Review of Genesis Survivor Gaiarth (1992)

Moving picture, 135 minutes

Seen in 2022.

I saw the US dub.

Humans and robots used to work side by side as equals in the post-apocalypse, but after another hundred years, the remaining cities are defended only by robots and a handful of professional scavengers. The majority of humans have forgotten the lingering threats and aren’t fit to fight even the rogue mechanical beasts, much less the rumoured new warlords. Seeing the problem, two cynical scavengers team up with a robot and a pure-hearted young man raised by a similar robot. Some of them want to save the world, but first they have to understand it better.

This series survives by its charmingly soft fantasy premises, in which the giant travelling city of Warspite is ruled by a queen named Ayatolla (ayatollah), as a minor detail in a serialized narrative. To name just one other detail, there’s an heirloom weapon of the old world, a sword of mass destruction called the Grand Slayber. This is of course a portmanteau of “slay” and “sabre”, which fits right in with the “war-roids” (war androids, not associated with hemorrhoids or steroid-induced rage) on “Gaiarth” (Gaia Earth).
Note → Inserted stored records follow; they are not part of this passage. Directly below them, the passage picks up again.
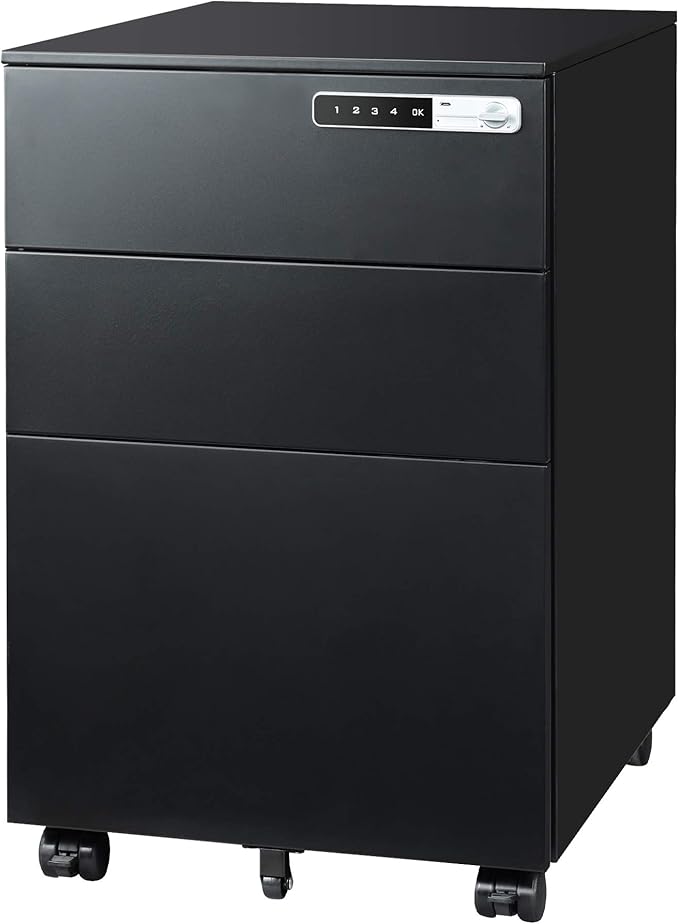 DEVAISE 3 Drawer File Cabinet with Combination Lock, Fully Assembled Metal Filling Cabinet Except Wheels, Mobile Under Desk File Cabinets for Home Office, Black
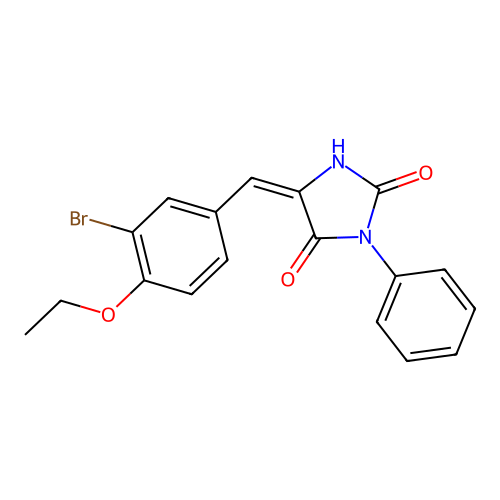 (5E)-5-(3-bromo-4-ethoxybenzylidene)-3-phenylimidazolidine-2,4-dione structure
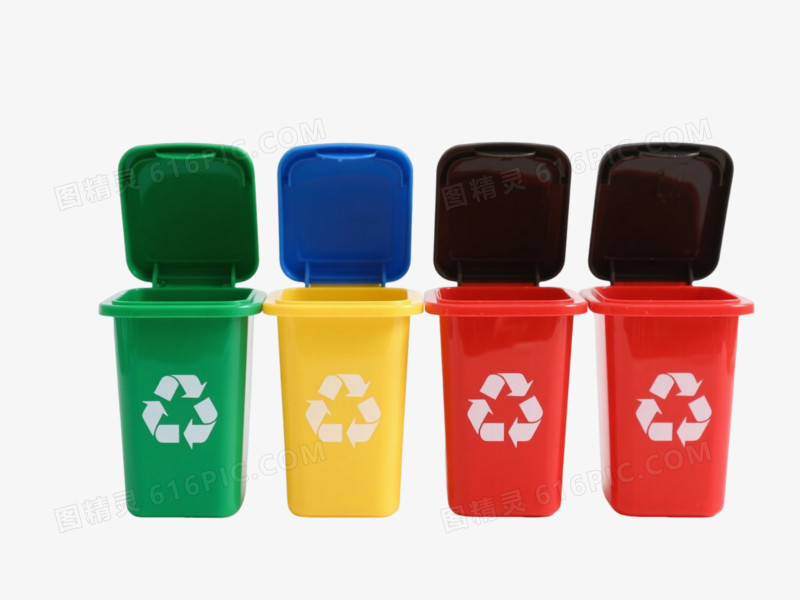 四色塑料分类垃圾桶产品实物元素
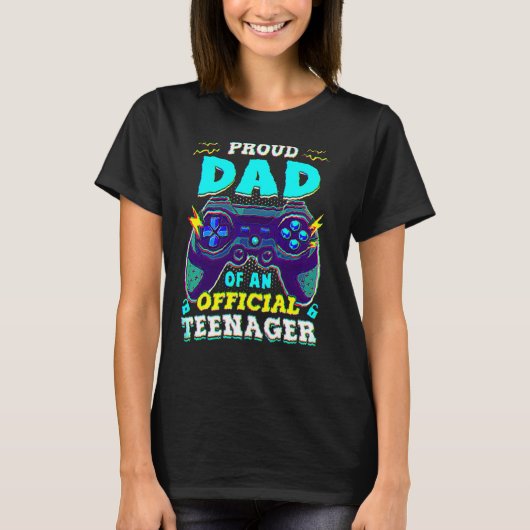 13歳の誕生日お父さん公式ティーンエイジャーのビデオゲーム Tシャツ (正面)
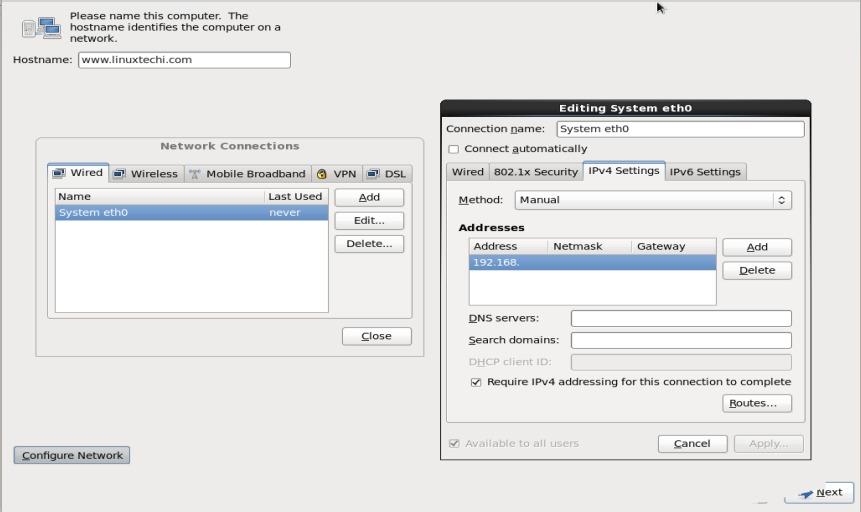 Set Hostname and networking in rhel6 installation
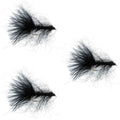 3 Pack Black Mohair Leech Streamer Flies Size 8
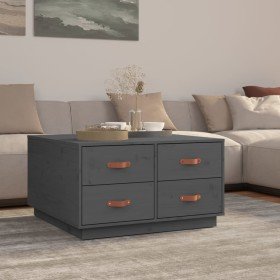 Mesa de centro de madera maciza de pino gris 80x80x45 cm Mesa de centro de madera maciza de pino gris 80x80x45 cm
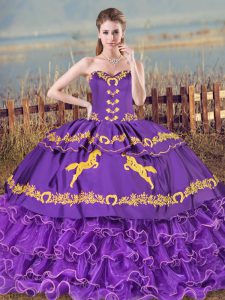 Purple Sleeveless Embroidery and Ruffled Layers Sweet 16 Dresses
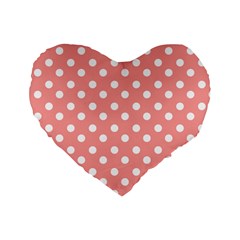 Coral And White Polka Dots Standard 16  Premium Flano Heart Shape Cushions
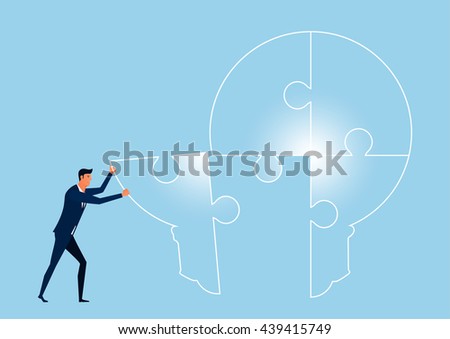 Businessman connect light bulb idea puzzle. Completing light bulb idea. Cartoon Vector Illustration.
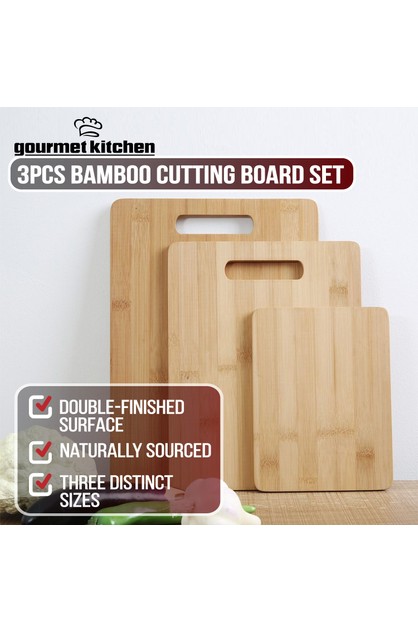 Kitchen Bamboo Cutting Board Set Wood Small Large Big Serving Chopping Block 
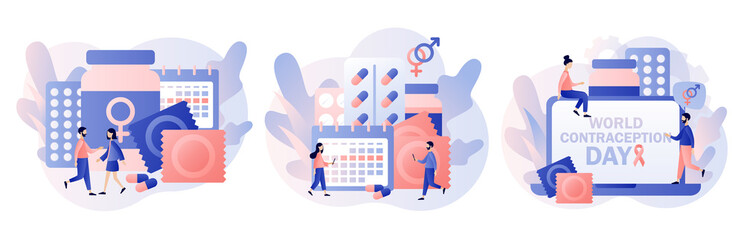 World Contraception Day. Contraceptive methods in sexual and reproductive health. Safe sexual behavior, birth fertility control. Modern flat cartoon style. Vector illustration on white background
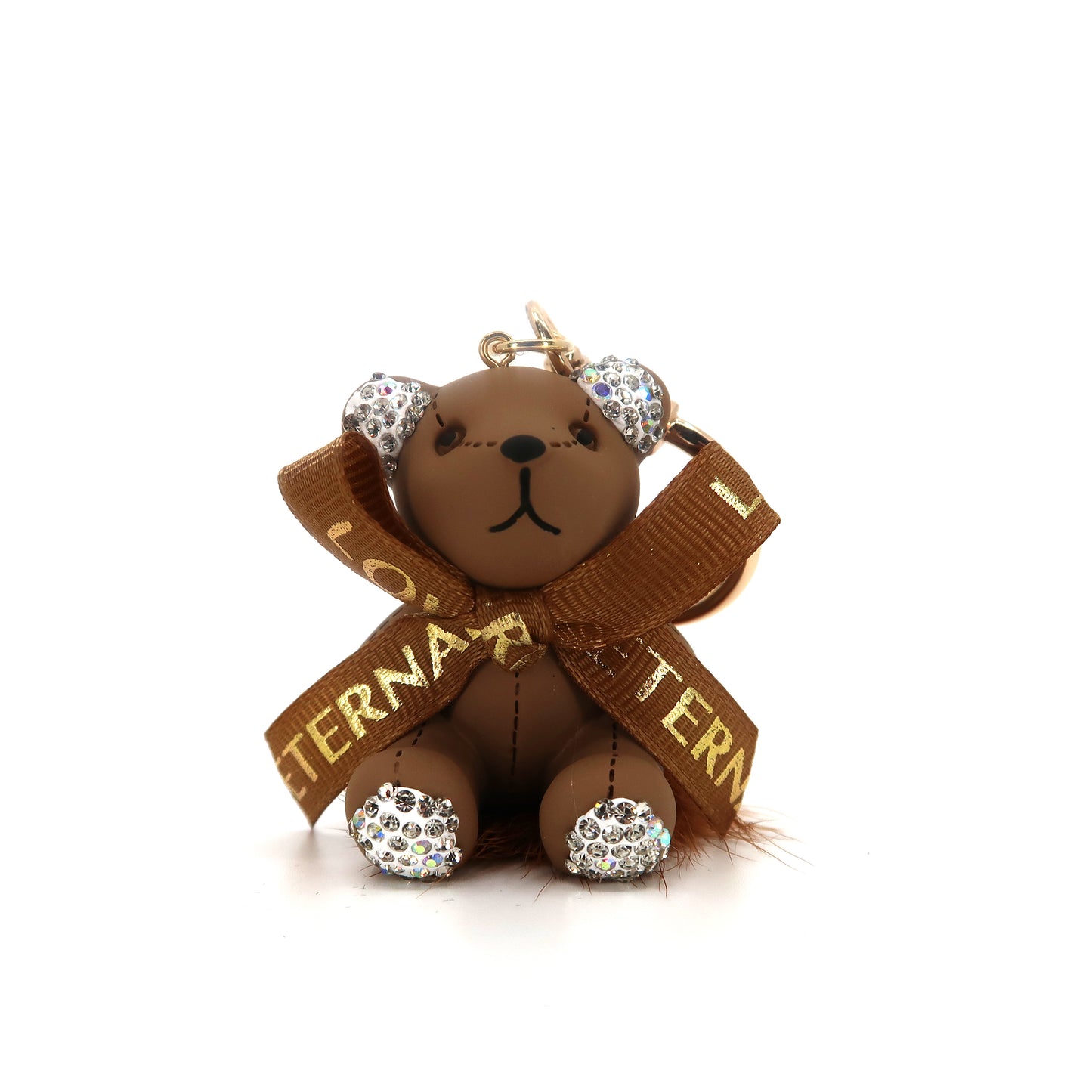 RHINESTONE RIBBON BEAR KEY CHAIN KC3209-123 (12PC)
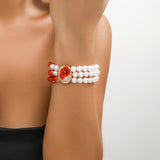 Gothic Blood Pattern Pearl Chain Bracelet Rhinestone Layered Bracelet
This three-part OVA was co-written and co-directed by Aramaki Shinji, the man behind “Metal Skin Panic MADOX- 01” (1987) and a lot of other cool mechanical design. For a designer-led melodrama that runs almost entirely on the rule of cool, the plot and dramaturgy hold together surprisingly well in the end. The animation and backgrounds are rarely impressive, the characters are weak, the music is bland, the sound effects are subpar and the visual design work is distinctly early-’90s, with bright colours, big eyes and bigger shoulder pads, but therein lies the kitsch value.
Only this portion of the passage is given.